O interesse americano no acordo parece sondar dois eixos principais, a saber: transferência de tecnologia e garantia de acesso ao mercado brasileiro, caso os americanos não consigam cumprir com sua meta internamente. Aparentemente, os Estados Unidos precisam do Brasil mais do que o inverso, ao menos no quesito tecnologia de produção de etanol. Isso garante ao Brasil uma vantagem significativa nessa área poucas vezes observada na relação entre os países. Não obstante, é verdade, que o Brasil precisa muito dos Estados Unidos para retomar as discussões no campo das negociações multilaterais comerciais, principalmente no tópico da agricultura.

O Brasil, como um dos lideres do G-20, deveria refletir acerca da vantagem comparativa que possui e cooperação buscada pelos Estados Unidos, bem como de suas necessidades no campo de acesso a mercados para seus produtos agrícolas. Talvez fosse essa a oportunidade para alavancar uma renegociação dos temas sensíveis da agricultura nas relações multilaterais.

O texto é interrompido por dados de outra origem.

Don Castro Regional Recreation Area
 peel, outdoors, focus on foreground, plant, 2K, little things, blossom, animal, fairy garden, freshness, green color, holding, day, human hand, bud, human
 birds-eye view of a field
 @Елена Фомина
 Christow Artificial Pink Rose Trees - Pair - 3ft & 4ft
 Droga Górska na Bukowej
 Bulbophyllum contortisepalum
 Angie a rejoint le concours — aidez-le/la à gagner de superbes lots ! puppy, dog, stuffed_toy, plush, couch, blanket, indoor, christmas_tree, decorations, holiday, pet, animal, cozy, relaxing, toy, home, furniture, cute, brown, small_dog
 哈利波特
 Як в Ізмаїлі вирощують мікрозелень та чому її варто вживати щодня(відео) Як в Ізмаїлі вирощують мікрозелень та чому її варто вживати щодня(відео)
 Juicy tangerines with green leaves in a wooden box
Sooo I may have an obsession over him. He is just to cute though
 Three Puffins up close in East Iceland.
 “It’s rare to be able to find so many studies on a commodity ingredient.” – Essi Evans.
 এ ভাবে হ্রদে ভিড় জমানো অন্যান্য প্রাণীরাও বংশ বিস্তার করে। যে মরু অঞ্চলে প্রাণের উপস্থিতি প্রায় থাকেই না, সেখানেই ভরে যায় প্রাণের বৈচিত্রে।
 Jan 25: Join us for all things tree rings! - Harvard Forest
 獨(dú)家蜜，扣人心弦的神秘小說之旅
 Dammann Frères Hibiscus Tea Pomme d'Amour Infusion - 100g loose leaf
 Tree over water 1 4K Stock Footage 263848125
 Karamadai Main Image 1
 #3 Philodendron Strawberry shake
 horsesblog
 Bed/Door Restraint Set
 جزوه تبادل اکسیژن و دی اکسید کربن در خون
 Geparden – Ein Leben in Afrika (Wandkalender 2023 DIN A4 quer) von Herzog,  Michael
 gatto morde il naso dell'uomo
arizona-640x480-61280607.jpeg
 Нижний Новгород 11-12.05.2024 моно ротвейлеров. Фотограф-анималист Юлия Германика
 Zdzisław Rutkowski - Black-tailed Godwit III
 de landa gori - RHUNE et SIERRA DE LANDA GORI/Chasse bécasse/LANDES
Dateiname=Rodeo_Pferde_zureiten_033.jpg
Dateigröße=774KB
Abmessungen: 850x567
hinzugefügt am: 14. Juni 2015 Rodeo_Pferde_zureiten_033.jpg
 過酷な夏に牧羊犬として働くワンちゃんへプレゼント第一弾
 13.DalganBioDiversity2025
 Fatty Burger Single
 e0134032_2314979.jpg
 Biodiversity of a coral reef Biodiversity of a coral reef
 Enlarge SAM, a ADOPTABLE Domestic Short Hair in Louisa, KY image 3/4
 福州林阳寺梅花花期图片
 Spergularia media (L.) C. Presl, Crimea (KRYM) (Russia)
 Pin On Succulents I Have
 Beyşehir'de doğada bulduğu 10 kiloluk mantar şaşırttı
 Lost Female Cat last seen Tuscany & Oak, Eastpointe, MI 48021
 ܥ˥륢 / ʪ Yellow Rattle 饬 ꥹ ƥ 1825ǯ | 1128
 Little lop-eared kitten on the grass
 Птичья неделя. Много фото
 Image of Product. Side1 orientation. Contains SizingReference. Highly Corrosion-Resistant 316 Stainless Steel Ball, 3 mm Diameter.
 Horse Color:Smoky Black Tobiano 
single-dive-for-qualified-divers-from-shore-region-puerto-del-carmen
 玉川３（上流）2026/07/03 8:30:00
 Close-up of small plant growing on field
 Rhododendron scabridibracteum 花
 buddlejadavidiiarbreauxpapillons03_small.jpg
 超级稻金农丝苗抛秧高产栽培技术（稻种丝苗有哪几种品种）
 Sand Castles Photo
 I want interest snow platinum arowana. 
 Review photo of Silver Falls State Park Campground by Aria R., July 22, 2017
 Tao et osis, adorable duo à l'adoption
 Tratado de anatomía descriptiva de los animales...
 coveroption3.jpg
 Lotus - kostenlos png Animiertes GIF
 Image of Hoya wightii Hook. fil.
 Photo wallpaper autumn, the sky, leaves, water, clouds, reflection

Não resta duvida de que vincular um eventual acordo de cooperação técnica e de investimentos na área de biocombustível a um acordo comercial com as amplitudes das negociações agrícolas de Doha é um passo largo e de extrema complexidade. Porém exige-se das autoridades brasileiras, ao menos, uma reflexão acerca do oportunismo e conveniência do cenário mundial, momento político das relações latino-americanas e vantagens comparativas observadas pelo Brasil, a fim de se determinar o tamanho do poder de barganha brasileiro.